The narrator is a woman who doesn't want a career – she just wants a man. She's seen her mother try to hold down a job and also do all the domestic duties for her father, and decided it's just too tiring. There's no hope of getting men to do the dishes, so she might as well do them herself, and not worry about anything else. "All that 90s stuff about women being able to have it all and do everything, well it was alright in theory, but in practice it turned out to be just like everything else. It didn't work, did it?"

Her ideal man, meanwhile, will have neat short hair and no stubble, and be happy to bring home the bacon for her. She's dedicated her life so far to finding this man: dating, choosing outfits for dating, planning her wedding and training to be a doormat. Now, however, she is 30, and terrified that she's about to become unattractive to men, and – so the implication goes – worthless. She decides to take a holiday in Greece, a place where the language sounds to the narrator "more like a string of garbled syllables rather than any actual exchange".

It makes the Daily Mail look enlightened – but at least the narrator doesn't pretend to have much logic on her side, or even really to be right. It's just presented as the way she feels – and at least that's odd.

I won't dwell on the lack of Jane Austen. Tullett invites the parallel: "the idyll wouldn't have been complete without a bit of Jane Austen in the picture". Even so, comparing anyone to such a great writer is needlessly cruel. Suffice to say that there aren't any good jokes, there's none of that snappy dialogue and there's no tension around the courting of the husband. It's obvious what's going to happen as soon as he's singled out (he is, in fact, the only eligible man who gets any attention) and he starts speaking, "his middle-class inflection coming as a surprise, taking his shabbiness into account".
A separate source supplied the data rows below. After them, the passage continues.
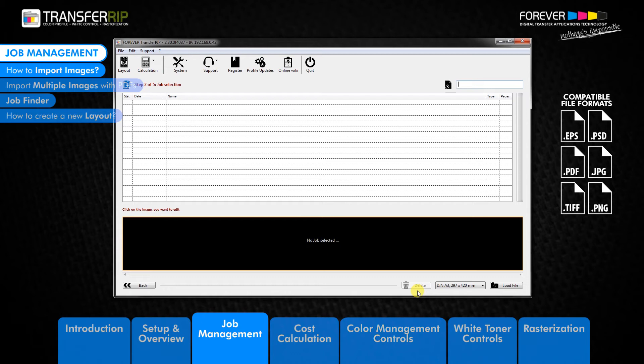At the moment we do not have any jobs in the list, so let's begin importing an image into the transfer rib.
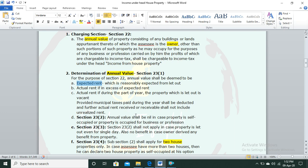The second clause says: take actual rent as annual value if actual rent is in excess of expected rent. For example, if expected rent is ₹10,000 per month but you have let out the property for ₹15,000 per month, then annual value will be the actual rent of ₹15,000, since actual rent exceeds expected rent. So first take expected rent, but if actual rent is higher, take actual rent.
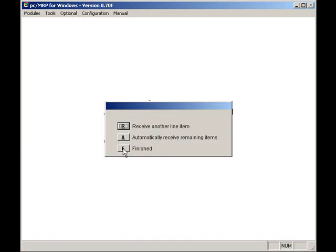If a part number was checked as serializable and the Serial Lot Number module has been activated, PCMRP will prompt you to enter Serial Lot Numbers. If the part number had been set to create an inspection requirement, PCMRP would have created an inspection requirement record, letting QC know that these parts have arrived and require inspection. This part was not checked as serializable nor did it require inspections. You are welcome to view the Serial Lot Number and inspection videos to see those functions in action.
Anyway, there's more strangeness to relate. The white lie of the title turns out to be the narrator's claim to be a famous chef in the UK when she can barely cook. A series of bizarre coincidences sees her roped into catering for the wedding of the daughter of the owner of her lodgings. She's pretty worried about carrying this job out successfully, but luckily her family arrive from the UK and her mother takes charge, serving up beef and Yorkshire pudding to the delighted Greeks. The logistics of this meal are entirely baffling. I had many questions about where they got the English ingredients, how it was all paid for, why someone in the Greek restaurant trade with great connections on the island would turn to an English guest to cook his food anyway … but my main question was how on earth did that come to be the main plank of a novel? Cooking roast beef in Greece? I had a few issues with Neil Gaiman and the credibility of his psychotic wardrobe last week, but Suzie Tullett blew them right out of the water – even if she did so in a singularly non-explosive way. If you're going to write absurd fantasy, why not write absurd fantasy, instead of a weird story about Sunday dinners? I was left feeling baffled, unsettled and more than a little sad. So, I guess the book has some kind of egregious power – even if it is a long and somewhat windy road away from anything you might enjoy.